Wesfarmers, which owns some of Australia’s most recognizable brands, sees concerns from shareholders and proxy advisors regarding its CEO and executive pay during the last proxy season

Wesfarmers, one of the biggest conglomerates in Australia, saw concern from its shareholders with a negative response during the recent 2019 Annual General Meeting (AGM) that was held last November 14, 2019.

Although all resolutions were passed, there was a large number of shareholders that voted against the adoption of the remuneration report, resulting in a 21.45 percent disapproval. One of the biggest causes of the pessimistic response from shareholders was due to proxy advisor ISS advising investors to go against the remuneration report because of an “excessive” compensation plan.

Although Wesfarmers’ demerger from Coles supermarket resulted in a 360 percent increase in after-tax profit to AUD 5.5 billion, the company will neither give incentive nor penalize its executives [1].

Shareholders were concerned over the pay for both Chief Executive Officer (CEO) Robert Scott and Independent Chairman Michael Chaney [2]. Mr. Scott has received over AUD 4 million in total realized pay and Mr.
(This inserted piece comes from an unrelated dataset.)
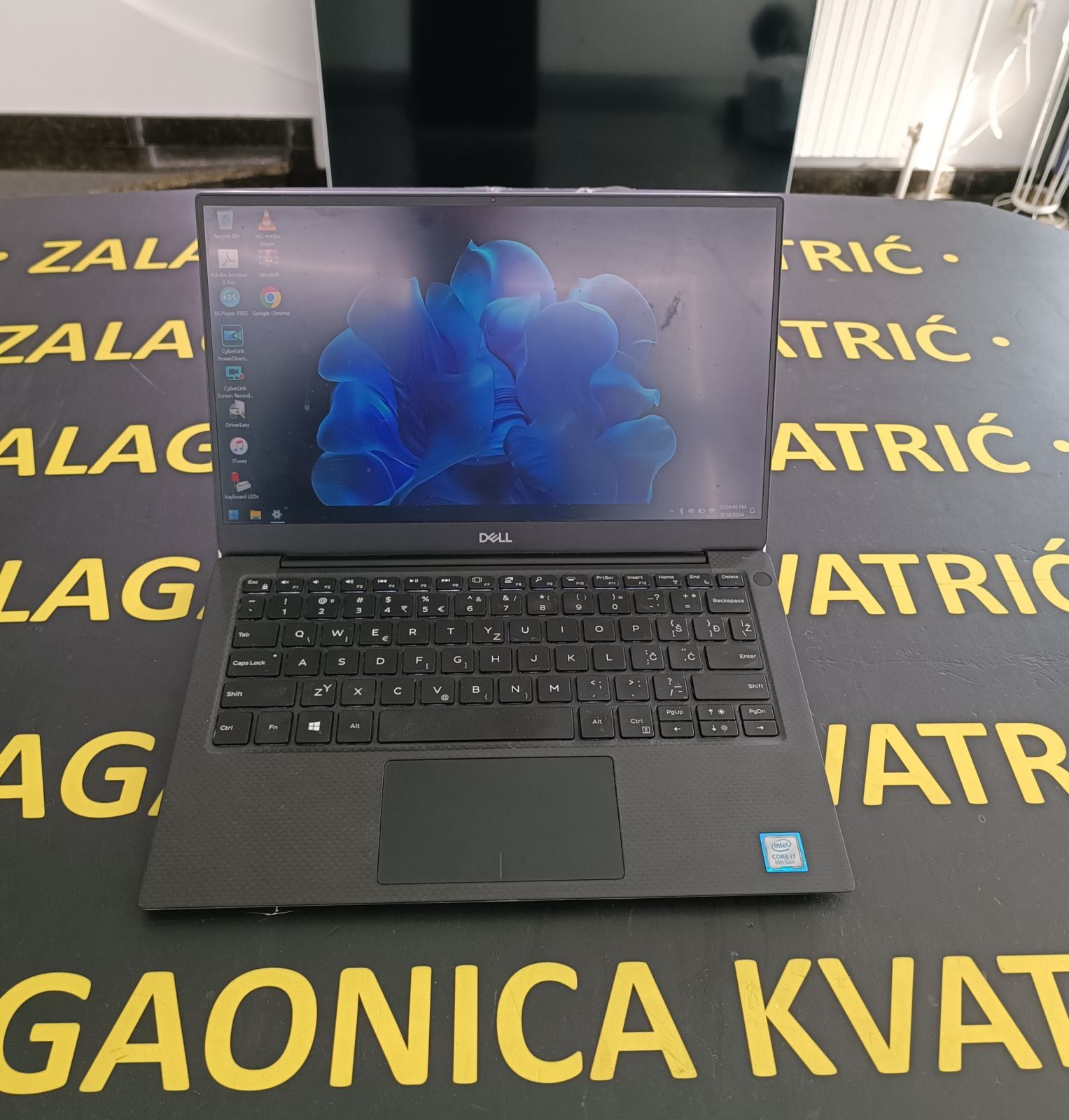 DELL XPS 9380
Chaney has received AUD 780,000 in total compensation, which ISS claims is higher than its industry peers.

CGLytics Pay for Performance Analysis

According to our CGLytics analysis, Wesfarmers has a higher CEO total realized pay over three years than its three-year increase in total shareholder return (TSR), when compared against its country and industry peers.

This misalignment of the CEO pay compared to company performance may have been the cause of the company almost undergoing a first-strike. A first-strike occurs when 25 percent of shareholders vote against the adoption of the remuneration report and the company would need to either amend or justify its remuneration policies before the next AGM [3].

Wesfarmers Limited's CEO Pay for Performance

wesfarmers CEO pay
Source: CGLytics Data and Analytics

Not only was there concern over the CEO pay for Wesfarmers, but the ambiguous changes in awards policies [4]. This was also seen as an issue for other proxy firms such as Glass Lewis and the Australian Shareholders’ Association (ASA).

What is the KEEPP bonus scheme?

The 2016 and 2017 Key Executive Equity Performance Plan (KEEPP) bonus had been cancelled following the demerger of Coles supermarket, but a bonus will be rewarded with the same principles as KEEPP, however with different performance conditions.

The 2017 KEEPP Allocation for the CEO and the Chief Financial Officer (CFO) had the following performance metrics: 50 percent weighting on Wesfarmers relative to the TSR of the ASX 100 Index, 20 percent weighting on absolute Return on Equity (ROE) and 30 percent weighting on strategic measures.

Because of the demerger in 2018, the company has removed the performance condition on absolute ROE as it may have an impact on the targets of executives. The 2018 KEEPP allocation for the CEO and CFO is as follows: 60 percent weighting on the Wesfarmers’ relative TSR against the S&P/ASX100 Index, 20 percent weighting on Wesfarmers’ portfolio management and investment outcomes and 20 percent weighting on strategic measures. However, the company was not able to be fully transparent and clear in its disclosure of strategic measures and investment outcomes, only stating the improvement of data analytics and better progress in gender balance.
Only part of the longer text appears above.